§ Work task: Copy exactly the lines of the data below that run from the line holding "Vintage Style CCB" through the line holding "Cotton Linen Harem Pants With Pockets", both ends included.

§ Information provided:

==============================

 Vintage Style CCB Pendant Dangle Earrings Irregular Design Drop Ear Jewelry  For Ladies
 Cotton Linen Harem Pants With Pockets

==============================

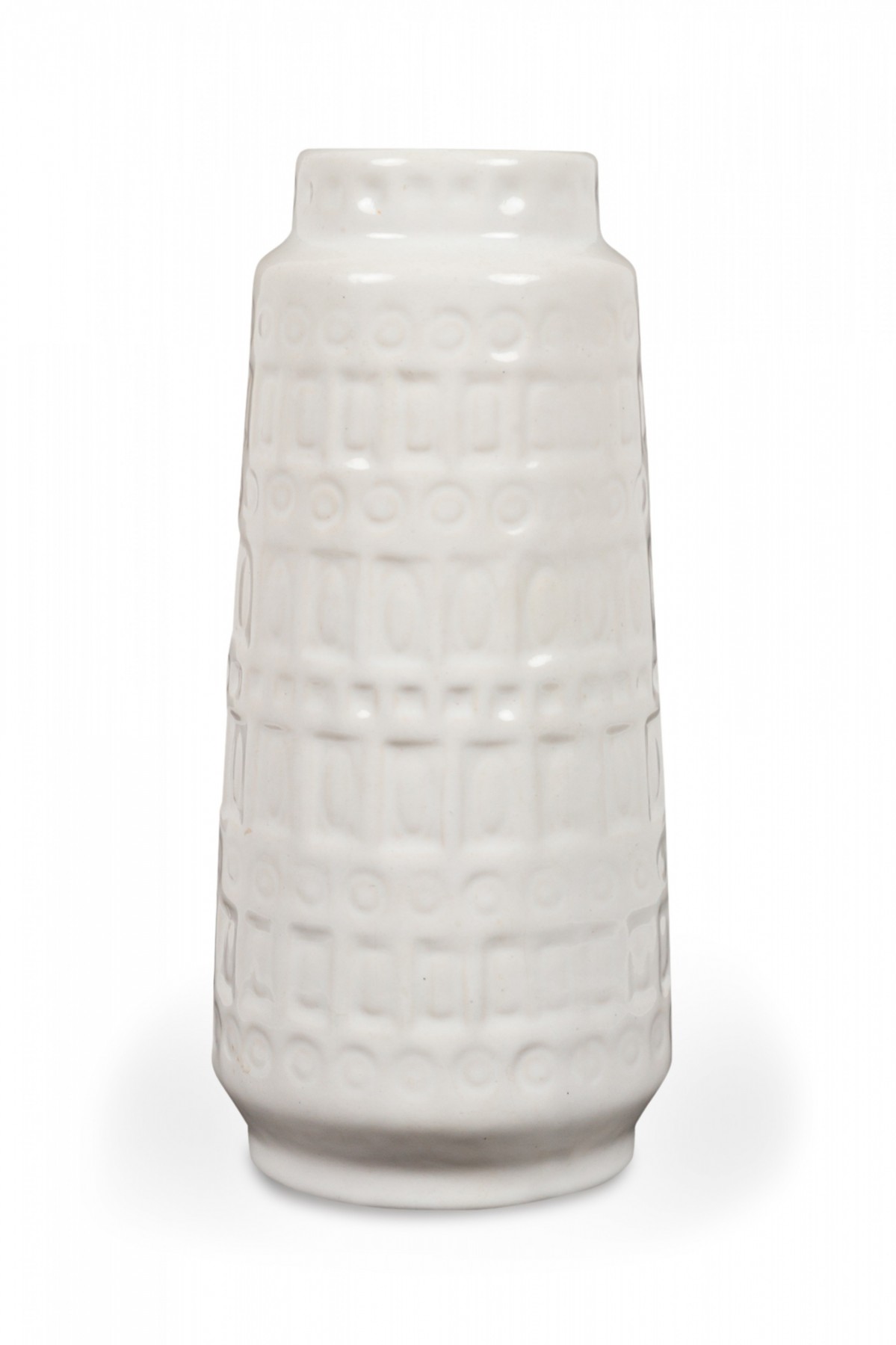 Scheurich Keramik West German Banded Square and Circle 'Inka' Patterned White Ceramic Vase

==============================

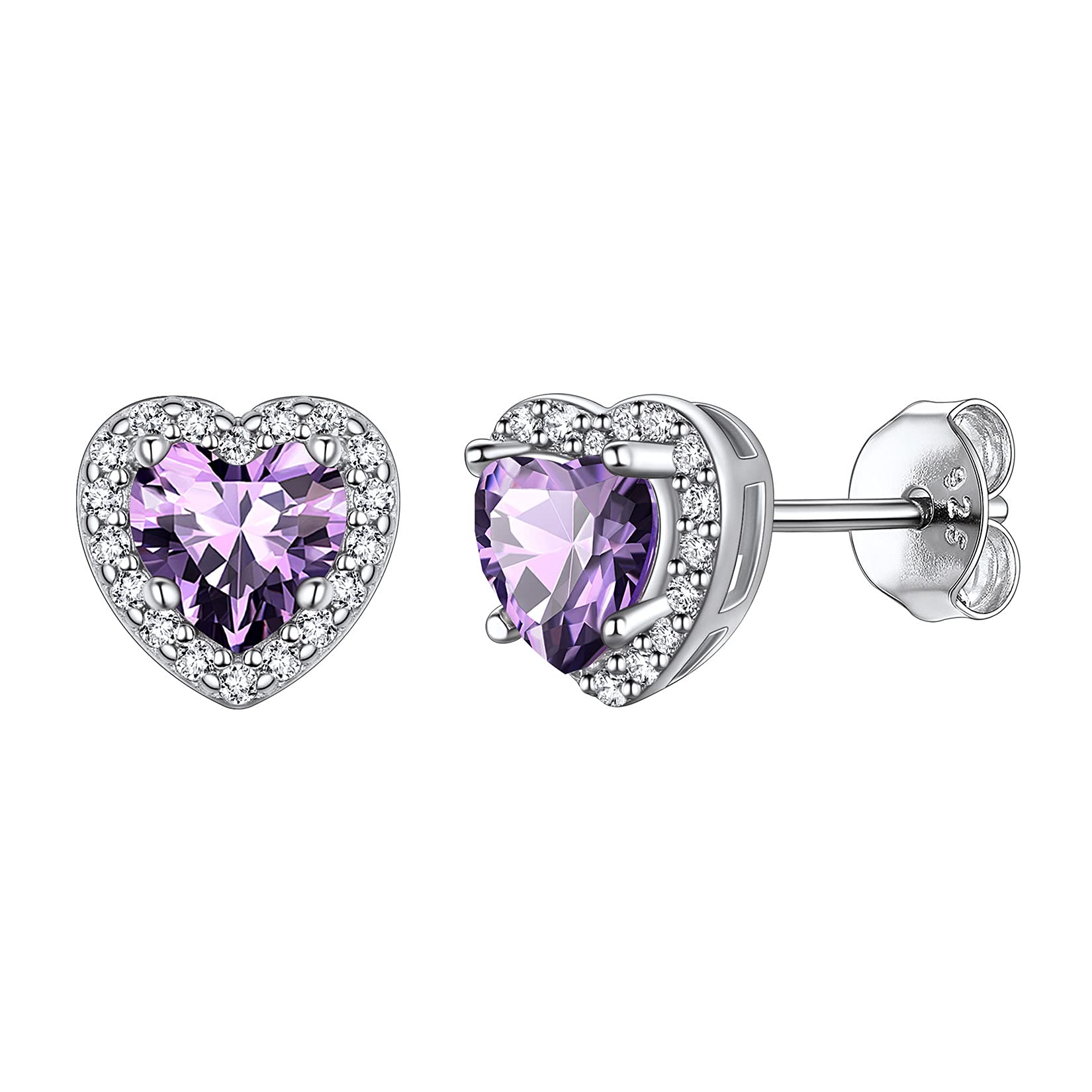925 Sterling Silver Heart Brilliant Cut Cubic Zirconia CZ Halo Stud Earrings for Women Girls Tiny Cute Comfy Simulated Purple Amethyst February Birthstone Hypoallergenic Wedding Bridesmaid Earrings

==============================

§ Written response:
 Vintage Style CCB Pendant Dangle Earrings Irregular Design Drop Ear Jewelry  For Ladies
 Cotton Linen Harem Pants With Pockets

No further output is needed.